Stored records
--------------------
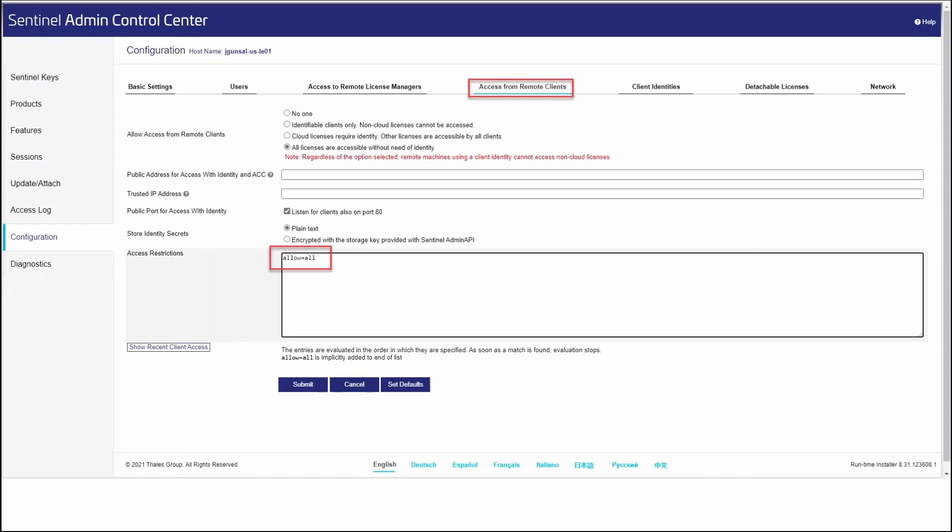Once we have the remote machine configured, we also need to make sure that the server itself is correctly configured. Open Sentinel Admin Control Center on the server. Again, go to the Configurations tab and then Access from Remote Clients. From here, the big thing is ensuring that the access restrictions is set to Allow equals All and hit submit.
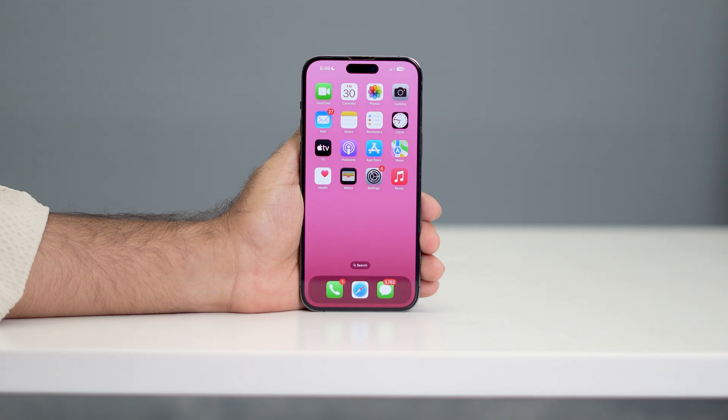What's up everyone, welcome back to another video. In this video I am going to talk about how to turn off focus mode on your app.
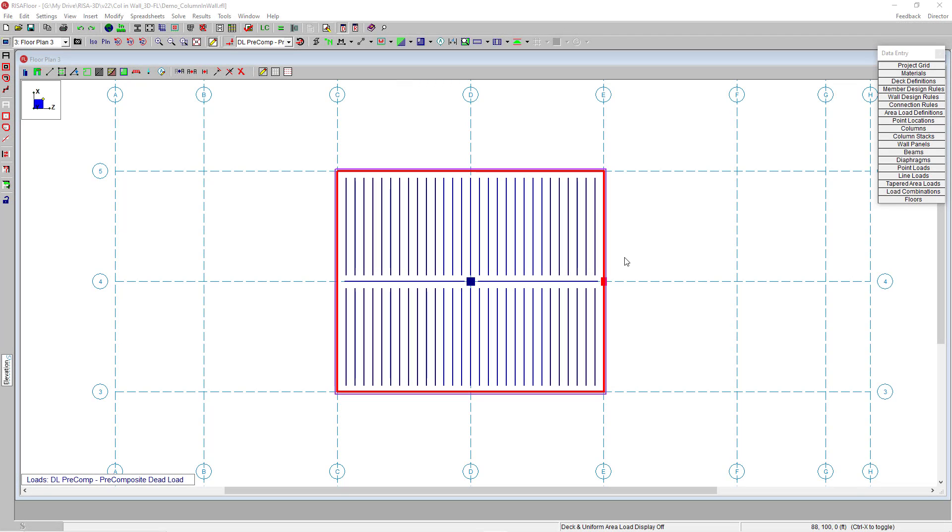RISA Floor utilizes a comprehensive set of modeling tools for the simple creation of multi-story buildings, with the added feature of integration with RISA 3D for lateral analysis. RISA Floor now features the ability to model, design, and analyze columns integrated into walls.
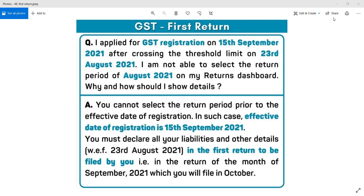Since the GST registration was filed on 15th September 2021, and the threshold limit of 40 lakh was crossed at 39 lakh turnover, the application was filed. So suppose 23rd August is when the threshold limit crossed, the application was filed, and GST registration was received on 15th September. The dates to note are 23rd August 2021 and 31st August 2021.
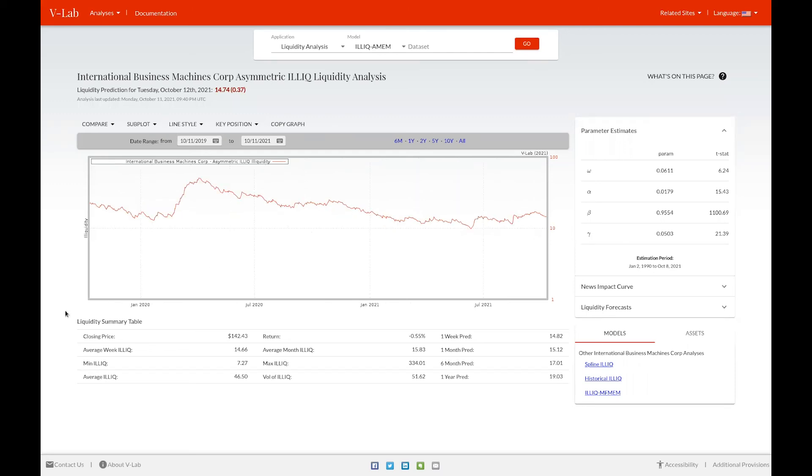Below the graph, you can see a summary of some key statistics for this model and this asset. To the right of the graph, we have various drop-down boxes to show the parameter estimates for this model, as well as the estimation period used to estimate those parameters.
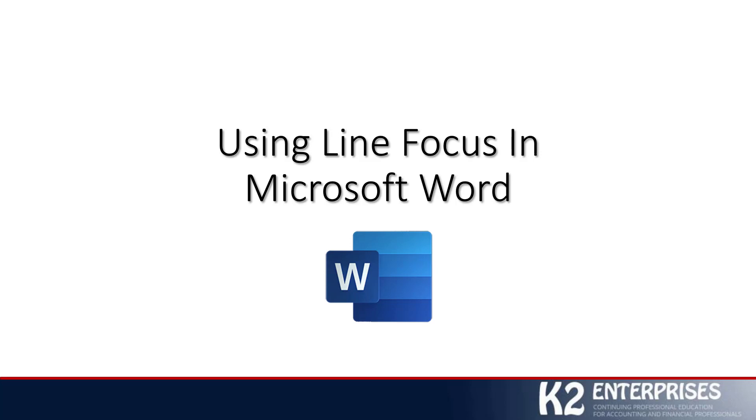Hi, this is Tommy Stevens with K2 Enterprises. Welcome to another in a series of technology tips. Today's tip focuses on using a relatively new feature that has just appeared in Microsoft Word known as Line Focus and how Line Focus can help force our concentration to specific sections of a Word document.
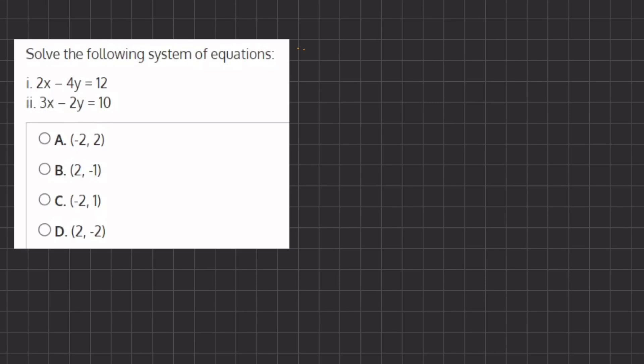In this problem we have a system of equations and we want to solve for the values of x and y. We can do so using two methods: the elimination method or the substitution method. Let's start with the elimination method.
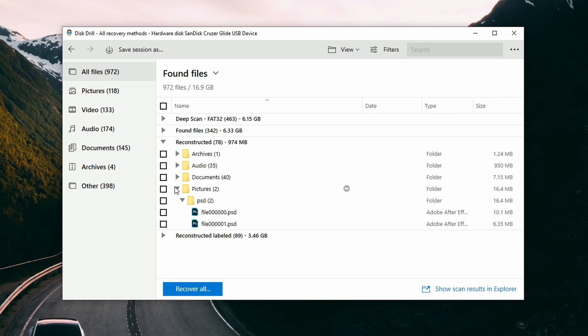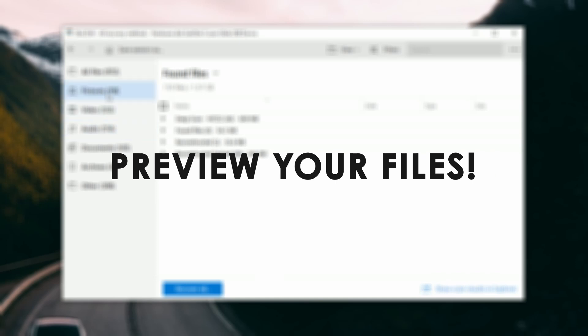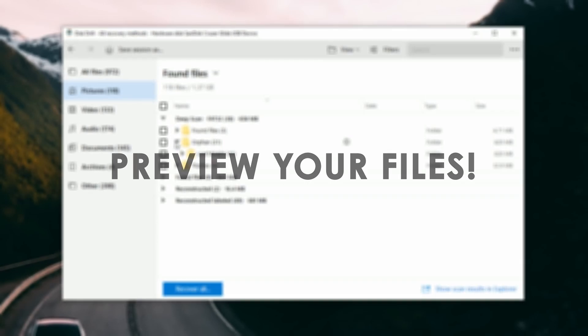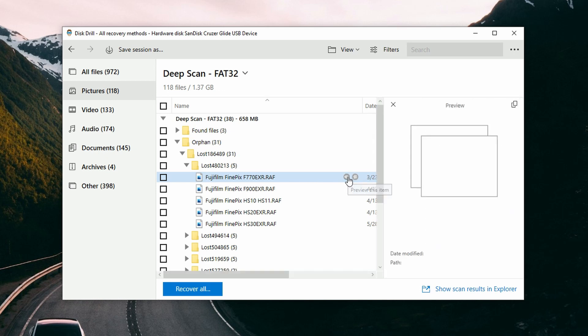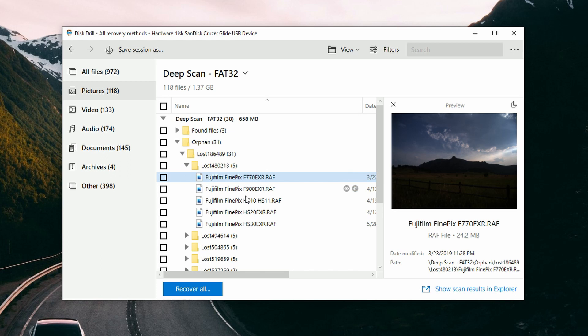Now that you've found your files, how do you actually recover them? It goes two ways for both Mac and PC: you can either recover everything using the 'Recover' button, or you can place a check mark next to individual files you want to recover. One important thing to mention: in order to make sure a file is completely recoverable, it must be previewable. You can verify this by clicking the little icon just to the right of the file name. If it's previewable inside Disk Drill, then you know it is recoverable and you're good to go.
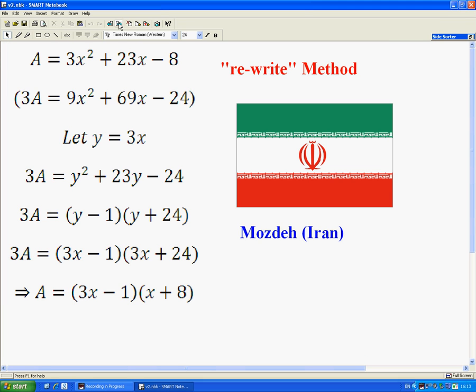A couple of years ago, Mojde from Iran showed me this method, which I can only think of as calling a rewrite method. And most times I show this to students, they quite like it.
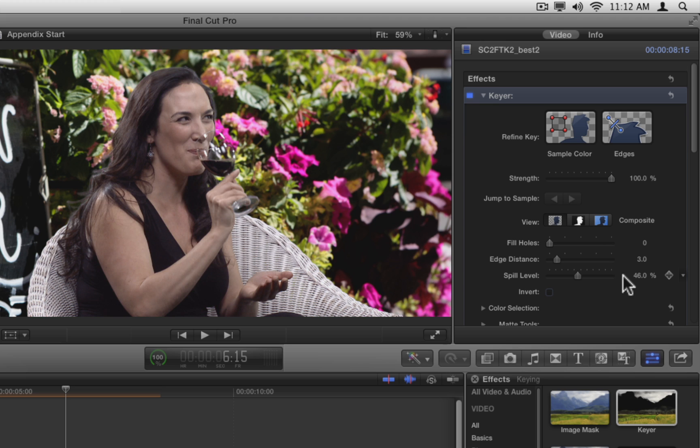So with this well-lit shot, the automatic keyer has created a great key with just the right amount of spill suppression, and you really don't need to do anything to adjust it. The only thing you may want to do with this shot is some color correction to make the woman better match the background.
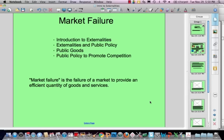Hi everybody, tonight we're going to start our discussion of market failure. Believe it or not, this is the last section, consisting of four modules, the last section before we start studying for the exam. So let's get right to it.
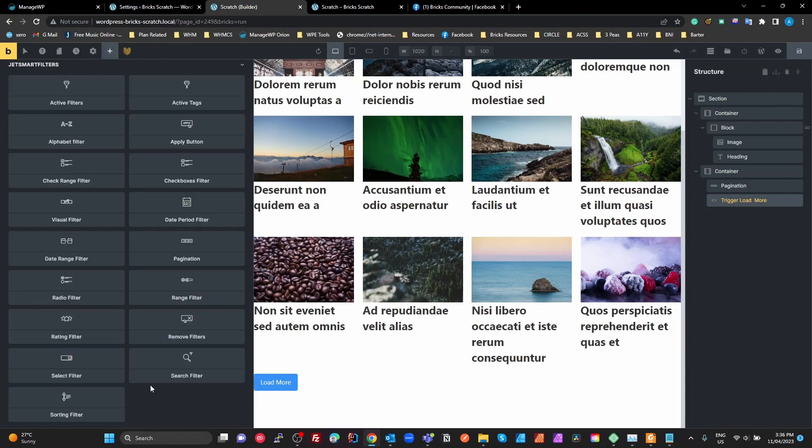The pagination with load more and infinite scroll is finally working with JetEngine and JetSmart Filters in Bricks. The only missing native feature — infinite scroll — can be easily overcome with a small bit of custom code. This is definitely going into my toolkit from now on. Thanks for watching!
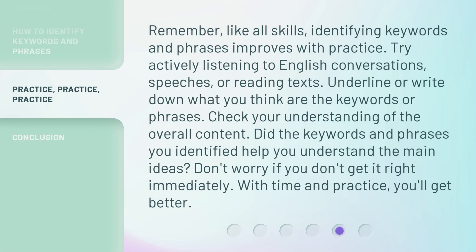Remember, like all skills, identifying keywords and phrases improves with practice. Try actively listening to English conversations, speeches, or reading texts. Underline or write down what you think are the keywords or phrases. Check your understanding of the overall content. Did the keywords and phrases you identified help you understand the main ideas? Don't worry if you don't get it right immediately. With time and practice, you'll get better.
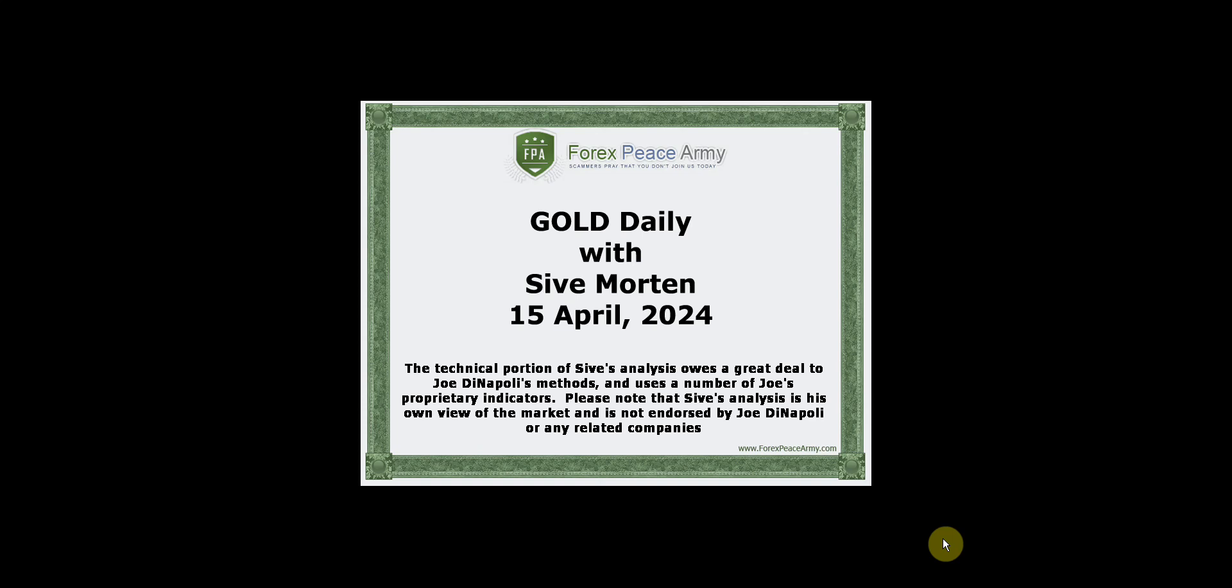Hi, this is Sive Morten with a daily update on gold. I post my exclusive market overviews with key political and economical events, charts and important levels on the forexpeacearmy.com forums weekly. This short video is a response to rapidly changing situations on the currency markets and should help you stay on top of the game and be profitable. I suggest you visit forexpeacearmy.com forum and read my analysis for the week before watching this daily video.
--------------------
What is needed is an exact printout of every record above, with the pictures left out.

Once we have the remote machine configured, we also need to make sure that the server itself is correctly configured. Open Sentinel Admin Control Center on the server. Again, go to the Configurations tab and then Access from Remote Clients. From here, the big thing is ensuring that the access restrictions is set to Allow equals All and hit submit.
What's up everyone, welcome back to another video. In this video I am going to talk about how to turn off focus mode on your app.
RISA Floor utilizes a comprehensive set of modeling tools for the simple creation of multi-story buildings, with the added feature of integration with RISA 3D for lateral analysis. RISA Floor now features the ability to model, design, and analyze columns integrated into walls.
Since the GST registration was filed on 15th September 2021, and the threshold limit of 40 lakh was crossed at 39 lakh turnover, the application was filed. So suppose 23rd August is when the threshold limit crossed, the application was filed, and GST registration was received on 15th September. The dates to note are 23rd August 2021 and 31st August 2021.
Below the graph, you can see a summary of some key statistics for this model and this asset. To the right of the graph, we have various drop-down boxes to show the parameter estimates for this model, as well as the estimation period used to estimate those parameters.
Hi, this is Tommy Stevens with K2 Enterprises. Welcome to another in a series of technology tips. Today's tip focuses on using a relatively new feature that has just appeared in Microsoft Word known as Line Focus and how Line Focus can help force our concentration to specific sections of a Word document.
In this problem we have a system of equations and we want to solve for the values of x and y. We can do so using two methods: the elimination method or the substitution method. Let's start with the elimination method.
Now that you've found your files, how do you actually recover them? It goes two ways for both Mac and PC: you can either recover everything using the 'Recover' button, or you can place a check mark next to individual files you want to recover. One important thing to mention: in order to make sure a file is completely recoverable, it must be previewable. You can verify this by clicking the little icon just to the right of the file name. If it's previewable inside Disk Drill, then you know it is recoverable and you're good to go.
A couple of years ago, Mojde from Iran showed me this method, which I can only think of as calling a rewrite method. And most times I show this to students, they quite like it.
So with this well-lit shot, the automatic keyer has created a great key with just the right amount of spill suppression, and you really don't need to do anything to adjust it. The only thing you may want to do with this shot is some color correction to make the woman better match the background.
Hi everybody, tonight we're going to start our discussion of market failure. Believe it or not, this is the last section, consisting of four modules, the last section before we start studying for the exam. So let's get right to it.
The pagination with load more and infinite scroll is finally working with JetEngine and JetSmart Filters in Bricks. The only missing native feature — infinite scroll — can be easily overcome with a small bit of custom code. This is definitely going into my toolkit from now on. Thanks for watching!
Remember, like all skills, identifying keywords and phrases improves with practice. Try actively listening to English conversations, speeches, or reading texts. Underline or write down what you think are the keywords or phrases. Check your understanding of the overall content. Did the keywords and phrases you identified help you understand the main ideas? Don't worry if you don't get it right immediately. With time and practice, you'll get better.
Hi, this is Sive Morten with a daily update on gold. I post my exclusive market overviews with key political and economical events, charts and important levels on the forexpeacearmy.com forums weekly. This short video is a response to rapidly changing situations on the currency markets and should help you stay on top of the game and be profitable. I suggest you visit forexpeacearmy.com forum and read my analysis for the week before watching this daily video.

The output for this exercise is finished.